(Short text fragments from websites)
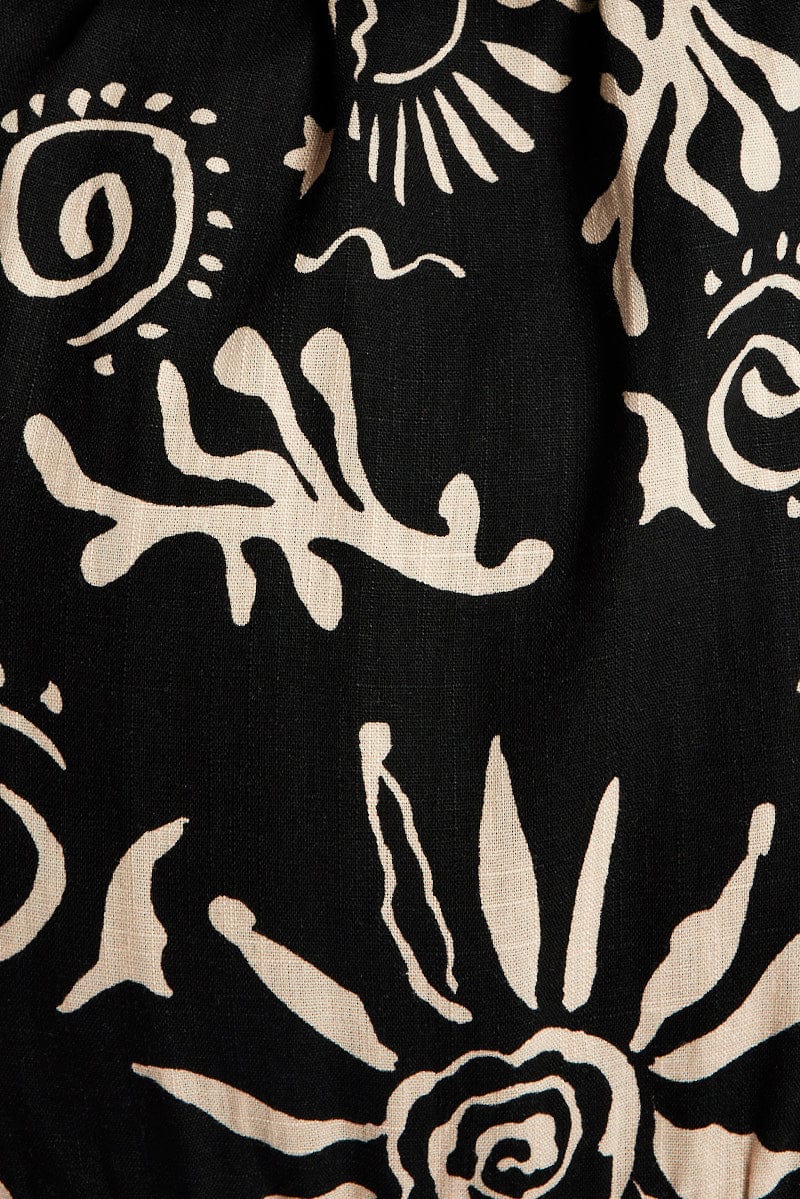 Black Abstract Shirt Dress Short Sleeve Self Tie - Image 6
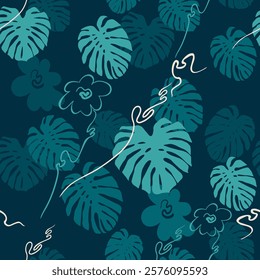 Seamless pattern - tropical leaves of monstera and lianas on dark blue background - vector cover layout illustration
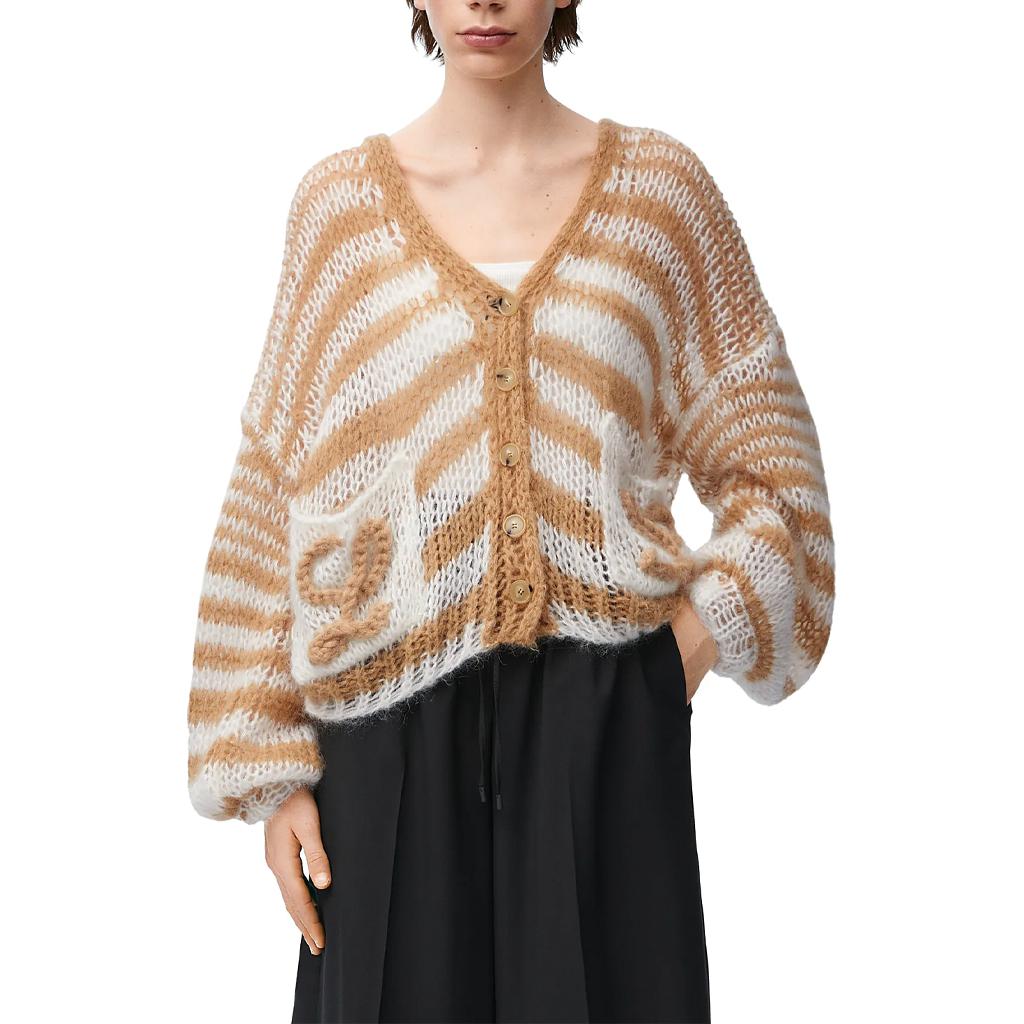 Shop (Women) LOEWE Anagram FW24  Striped Logo V-Neck Cardigan - Camel. S359Y16K70-2073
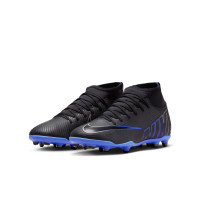 Nike Mercurial Superfly 9 Club Grass/Artificial Grass Football Shoes (MG) Kids Black Blue White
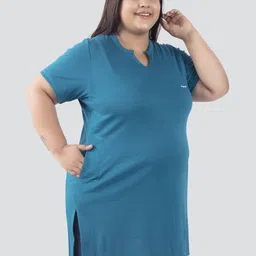 cupid Women Solid V Neck Cotton Blend Blue T-Shirt-picture-11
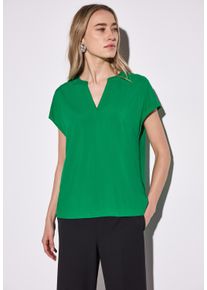 Street One Damen Hemdbluse, grün, casual, Gr. 38, unifarben, Stoff, 100% Viskose, Blusen, aus softer Viskose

• Your task: Each entry above should be copied exactly. The pictures should not.

• Exercise output:
 Black Abstract Shirt Dress Short Sleeve Self Tie - Image 6
 Seamless pattern - tropical leaves of monstera and lianas on dark blue background - vector cover layout illustration
 Shop (Women) LOEWE Anagram FW24  Striped Logo V-Neck Cardigan - Camel. S359Y16K70-2073
 Nike Mercurial Superfly 9 Club Grass/Artificial Grass Football Shoes (MG) Kids Black Blue White
 cupid Women Solid V Neck Cotton Blend Blue T-Shirt-picture-11
 Street One Damen Hemdbluse, grün, casual, Gr. 38, unifarben, Stoff, 100% Viskose, Blusen, aus softer Viskose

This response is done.